### Data extract:
===

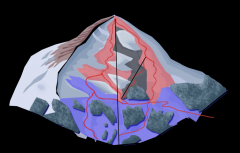 schifoan.png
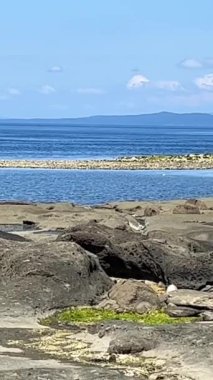 Kanada 'daki Vancouver Adası' ndaki Pasifik Okyanusu 'nda alçak gelgitler hemşerilerim ve rıhtımda bir yerlerde görülebilir.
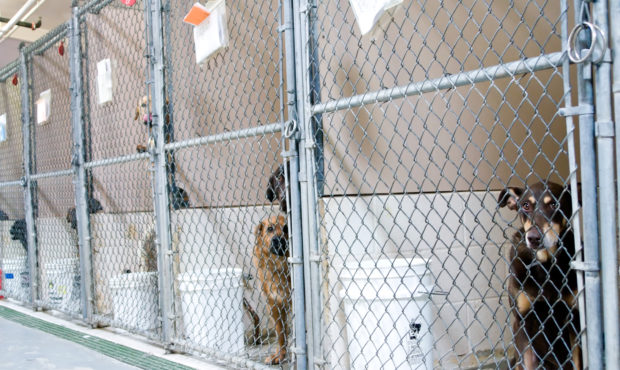 Dogs awaiting adoption in kennels (Getty Images)...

===

### Work to complete:
Hand back the data exactly as it appears, with all pictures cut.

### Result of this task:
 schifoan.png
 Kanada 'daki Vancouver Adası' ndaki Pasifik Okyanusu 'nda alçak gelgitler hemşerilerim ve rıhtımda bir yerlerde görülebilir.
 Dogs awaiting adoption in kennels (Getty Images)...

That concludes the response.